WHILE sauntering through the crowded street,
Some half-remembered face I meet,
Albeit upon no mortal shore
That face, methinks, hath smiled before.
Lost in a gay and festal throng,
I tremble at some tender song--
Set to all air whose golden bars
I must have heard in other stars.
In sacred aisles I pause to share
The blessings of a priestly prayer--
When the whole scene which greets mine eyes
In some strange mode I recognize
As one whose every mystic part
I feel prefigured in my heart.
At sunset, as I calmly stand,
A stranger on an alien strand--
Familiar as my childhood's home
Seems the long stretch of wave and foam.
One sails toward me o'er the bay,
And what he comes to do and say
I can foretell.

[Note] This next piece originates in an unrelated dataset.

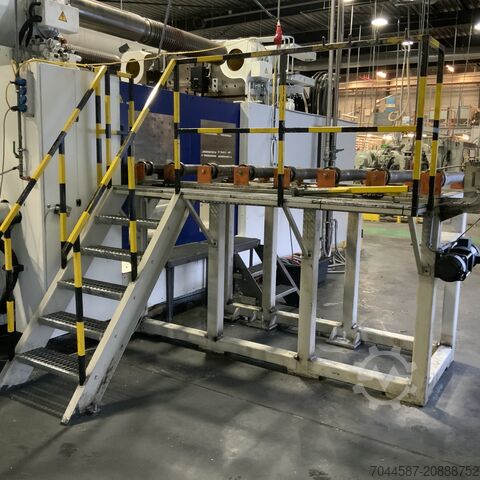 Spritzgießmaschine Haitian JU8500 II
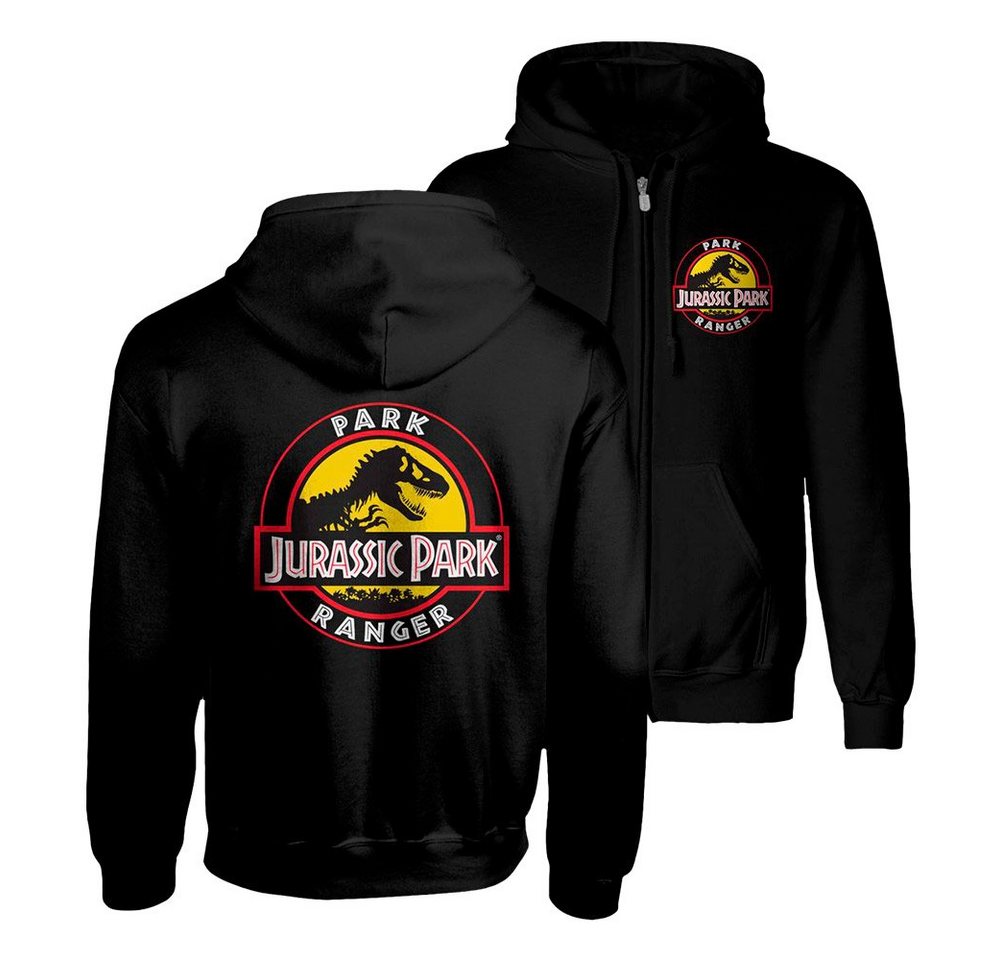 Jurassic Park Kapuzensweatjacke von Jurassic Park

A prescient lore
Springs from some life outlived of yore.
O swift, instinctive, startling gleams
Of deep soul-knowledge! not as dreams
For aye ye vaguely dawn and die,
But oft with lightning certainty
Pierce through the dark, oblivious brain,
To make old thoughts and memories plain--
Thoughts which perchance must travel back
Across the wild, bewildering track
Of countless æons; memories far,
High-reaching as yon pallid star,
Unknown, scarce seen, whose flickering grace
Faints on the outmost rings of space!